Two weeks ago, the parents of our Montessori school were dismayed to discover that a state-sponsored ABC liquor store was set to move next door to the school in Alexandria that cares for our children aged 2 through 5. Apparently without public comment or redress, the preschool will share a wall with a store that exclusively sells liquor to hundreds of people each day.

The vast majority of patrons that frequent ABC stores are no different than the parents of the children being taught next door. But liquor stores come with some basic realities atypical of a normal business.

The current location of this specific ABC store next, to a Giant grocery store has a consistent trickle of individuals loitering outside, either outright intoxicated or preparing to become that way while sitting in the parking lot. Just last week, when I went to the store to request the general manager’s contact information — which was not provided — I passed two men drinking in a pick-up truck near the front entrance.

As an adult man, it can be intimidating to walk into this store. According to the Department of Justice, nearly 40 percent of all violent crimes involve alcohol. I find it unimaginable to picture my 2-year-old daughter, her 20- plus classmates, and the four teachers who shepherd them through their day walking back and forth to school while these same patrons purchase and drink liquor next door.

Most people would agree that movement of a liquor store next to a school for small children is not conducive to the comfort and safety of the children, teachers and parents who attend the school. There is a very short list of retail stores that most taxpayers would find inappropriate located next to a school. Porn shops, tobacco retailers, gun stores and liquor stores top that list.

These establishments certainly have every right to exist, but locating a state-owned and operated liquor store next to a school for impressionable children is beyond the realm of reason and good sense. In two separate instances, Falls Church and Portsmouth already have protested similar locations of ABC stores near a church and a high school, respectively.

Safety concerns aside, moving an ABC store next door to our school will jeopardize its ability to retain and enroll new students. What new parent searching for a place to care for and teach their 2-year- old would overlook a liquor store next door?

Our school is a small business with two locations. ABC stores generated $140 million in profit for Virginia in 2014 due to excise and sales taxes placed on purchased beverages. By contrast, our school generates enough revenue to pay rent at two locations in Alexandria and D.C., employ eight to 10 teachers, and sup- port a small back office to keep the business running smoothly.

Breaking the lease for the current location — including renovation expenses and any associated penalties — would not put a dent in ABC’s budget. By contrast, an unexpected move to distance itself from the ABC store would cause catastrophic damage to our school’s business. ABC’s decision endangers the community of parents, teachers and children we’ve worked diligently to foster.

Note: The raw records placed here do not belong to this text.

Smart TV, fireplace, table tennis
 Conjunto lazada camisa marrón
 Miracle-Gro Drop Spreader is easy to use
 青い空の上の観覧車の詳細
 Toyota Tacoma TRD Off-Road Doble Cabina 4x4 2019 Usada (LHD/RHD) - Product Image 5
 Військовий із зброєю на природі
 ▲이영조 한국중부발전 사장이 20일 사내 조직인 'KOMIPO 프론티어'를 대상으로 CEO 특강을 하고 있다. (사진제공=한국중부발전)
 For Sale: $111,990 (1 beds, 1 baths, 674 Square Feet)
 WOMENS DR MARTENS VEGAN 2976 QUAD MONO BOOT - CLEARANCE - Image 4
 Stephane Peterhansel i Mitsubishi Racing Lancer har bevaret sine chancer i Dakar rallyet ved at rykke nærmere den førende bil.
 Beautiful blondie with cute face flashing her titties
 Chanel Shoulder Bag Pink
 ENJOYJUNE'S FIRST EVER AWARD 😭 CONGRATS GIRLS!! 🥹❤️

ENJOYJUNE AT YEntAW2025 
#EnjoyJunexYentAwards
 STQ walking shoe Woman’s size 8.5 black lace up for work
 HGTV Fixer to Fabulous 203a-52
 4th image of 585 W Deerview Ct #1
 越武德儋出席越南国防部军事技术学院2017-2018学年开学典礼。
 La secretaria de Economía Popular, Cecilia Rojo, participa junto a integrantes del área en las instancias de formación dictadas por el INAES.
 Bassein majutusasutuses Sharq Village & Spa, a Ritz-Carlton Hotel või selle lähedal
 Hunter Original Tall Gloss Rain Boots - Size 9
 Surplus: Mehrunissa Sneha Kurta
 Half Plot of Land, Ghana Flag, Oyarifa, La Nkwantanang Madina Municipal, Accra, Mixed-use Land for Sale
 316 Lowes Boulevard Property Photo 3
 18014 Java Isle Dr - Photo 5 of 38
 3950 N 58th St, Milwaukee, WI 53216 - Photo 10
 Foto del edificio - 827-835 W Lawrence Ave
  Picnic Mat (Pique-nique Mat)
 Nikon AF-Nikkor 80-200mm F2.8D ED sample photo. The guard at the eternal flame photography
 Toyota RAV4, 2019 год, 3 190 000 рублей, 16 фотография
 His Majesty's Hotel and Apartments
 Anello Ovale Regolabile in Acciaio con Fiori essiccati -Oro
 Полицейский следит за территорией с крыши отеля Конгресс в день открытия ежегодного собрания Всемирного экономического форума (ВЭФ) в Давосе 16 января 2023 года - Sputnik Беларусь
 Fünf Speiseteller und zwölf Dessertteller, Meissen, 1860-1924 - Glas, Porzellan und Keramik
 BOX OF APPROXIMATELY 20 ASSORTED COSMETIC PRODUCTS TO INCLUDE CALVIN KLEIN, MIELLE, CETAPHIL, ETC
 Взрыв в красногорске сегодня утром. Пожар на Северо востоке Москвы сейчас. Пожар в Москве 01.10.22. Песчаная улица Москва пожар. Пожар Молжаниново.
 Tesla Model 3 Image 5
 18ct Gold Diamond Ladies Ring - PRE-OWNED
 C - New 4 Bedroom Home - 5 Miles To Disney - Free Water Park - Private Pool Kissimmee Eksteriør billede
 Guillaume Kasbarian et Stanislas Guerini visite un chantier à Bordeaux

The new ABC location is slated to open in June, according to Susan Johnson, ABC’s director of real estate, who found the location and coordinated the lease on behalf of ABC stores. She also stated that the move is “temporary,” in that it will only last three years.

In other words, this liquor store will be located next door for the entire length of time that my daughter and her classmates will spend in pre-school.

ABC stores provide the state with revenue and a valid and necessary service for the sale and regulation of alcohol. But as parents and citizens, we need to face the simple reality that these stores sell a product and have a small subset of customers that distinguish them from other retailers.

Applying common sense, good business practices and keeping the well-being of local voters and taxpayers in mind all lead to the simple conclusion that movement of a state-owned liquor store directly next door to a preschool is a poor choice and one that must be rectified immediately for the well-being of our children and the community at large.